The reason for the confusion is simple: Many key pundits who get to explain what's going on from the op-ed pages of the major U.S. newspapers and from the TV talk shows prefer that the American people don't fully grasp what's happening. Otherwise, the people might realize the dangers ahead and demand substantial changes in U.S. government policies.

But a few basic points can help decipher the confusion: Perhaps the most important is that -- although it's rarely acknowledged in the mainstream U.S. media -- Israel is now allied with Saudi Arabia and other Sunni Persian Gulf states, which are, in turn, supporting Sunni militants in Al-Qaeda and the Islamic State. Sometimes directly, sometimes indirectly, this Israel-Saudi bloc sustains Al-Qaeda and, to a somewhat lesser degree, the Islamic State.

The U.S. news media is loath to note these strange Israeli bedfellows, but there's a twisted logic to the Israeli-Saudi connection. Both Israel and the Saudi bloc have identified Shiite-ruled Iran as their chief regional adversary and thus are supporting proxy wars against perceived Iranian allies in Syria and now Yemen. The Syrian government and the Houthi rebels in Yemen are led by adherents to offshoots of Shiite Islam, so they are the "enemy."

The schism between Sunni and Shiite Islam dates back to 632, to the secession struggle after the death of the Prophet Muhammad. The dispute led to the Battle of Karbala where Hussein ibn Ali was captured and beheaded in 680, an event that gave rise to Shiite Islam as a rival to Sunni Islam, which today has both moderate and extremist forms with Saudi Arabia sponsoring the ultra-fundamentalist Wahhabism.

The extremist Wahhabism has inspired some of the most radical Sunni movements, including Al-Qaeda and now the Islamic State, along with their practice of suicide attacks as a form of martyrdom that has become a staple of these groups' anti-Western jihad.
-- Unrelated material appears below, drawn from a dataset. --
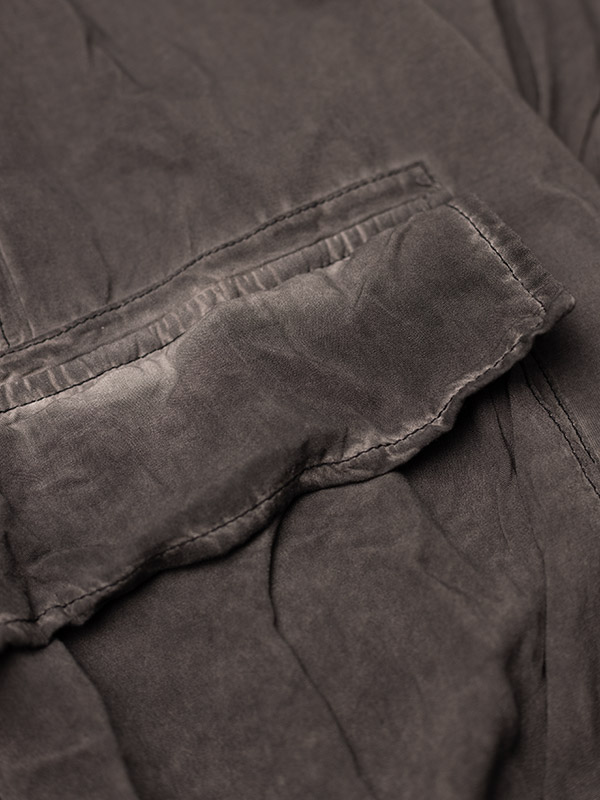 LEANETTE - Plus Size Pants fra Gozzip Black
In other words, what has most outraged Americans has been the behavior of these Sunni extremists, from Al-Qaeda's 9/11 attacks to the Islamic State's beheading of helpless hostages and religious minorities in Syria and elsewhere. And, the principal backer of this Sunni extremism has been Saudi Arabia where wealthy prince-playboys buy leniency for their licentious behavior from the religious ulema (or leaders) by financing the extreme Wahhabi teachings. [See Consortiumnews.com's "The Secret Saudi Ties to Terrorism."]
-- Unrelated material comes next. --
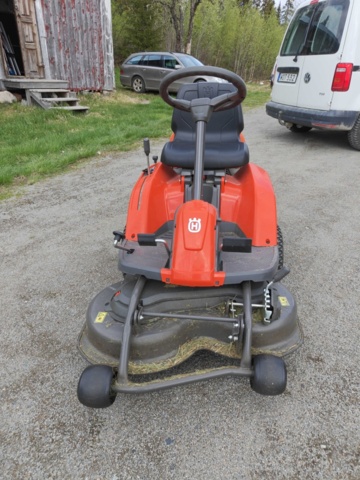1485264-2 Åkgräsklippare med klippaggregat - Husqvarna R112C - 2022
Confusing the American People

The West has had grievances with elements of the Shiite world, too, such as the seizure of U.S. Embassy hostages in Iran in 1979 and excessive violence by the Syrian military against opposition forces in 2011. But the most intense American anger has been provoked by the actions of Sunni fundamentalists involving mass murder of innocents.

Yet, over the years, the U.S. government has exploited the general lack of knowledge among Americans about the intricacies of Middle East religions and politics by funneling the anger against one group to rationalize actions against another.
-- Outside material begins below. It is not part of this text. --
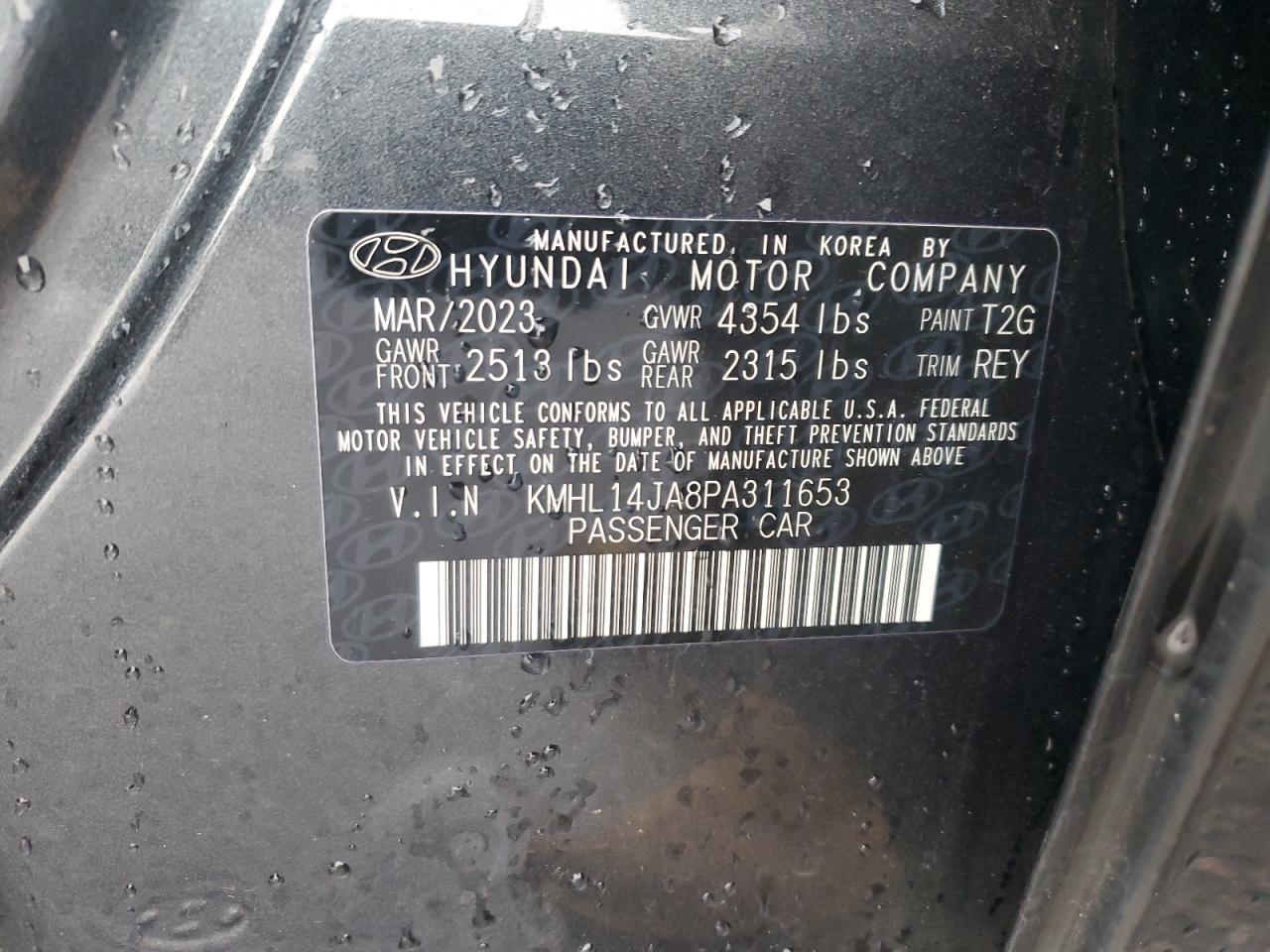 2023 Hyundai Sonata - Image 14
For instance, in 2003, as revenge for the 9/11 slaughter of 3,000 Americans -- carried out primarily by Saudi extremists under the leadership of Saudi Osama bin Laden -- President George W. Bush shielded the Saudis from blame and ordered the invasion of Iraq to oust Saddam Hussein, a secular Sunni dictator who was a fierce opponent of Al-Qaeda and other religious fanatics.

Ironically, that war put Shiites in power in Baghdad, turned Iraq's Sunnis into a persecuted minority, and created fertile ground for a particularly virulent strain of Al-Qaeda to take root under the leadership of Jordanian terrorist Abu Musab al-Zarqawi. That group became "Al-Qaeda in Iraq," later morphing into "the Islamic State of Iraq and Syria" and finally into "the Islamic State," with its own twisted branches reaching out across the Middle East and Africa to justify more provocative slaughter of Westerners and "non-believers."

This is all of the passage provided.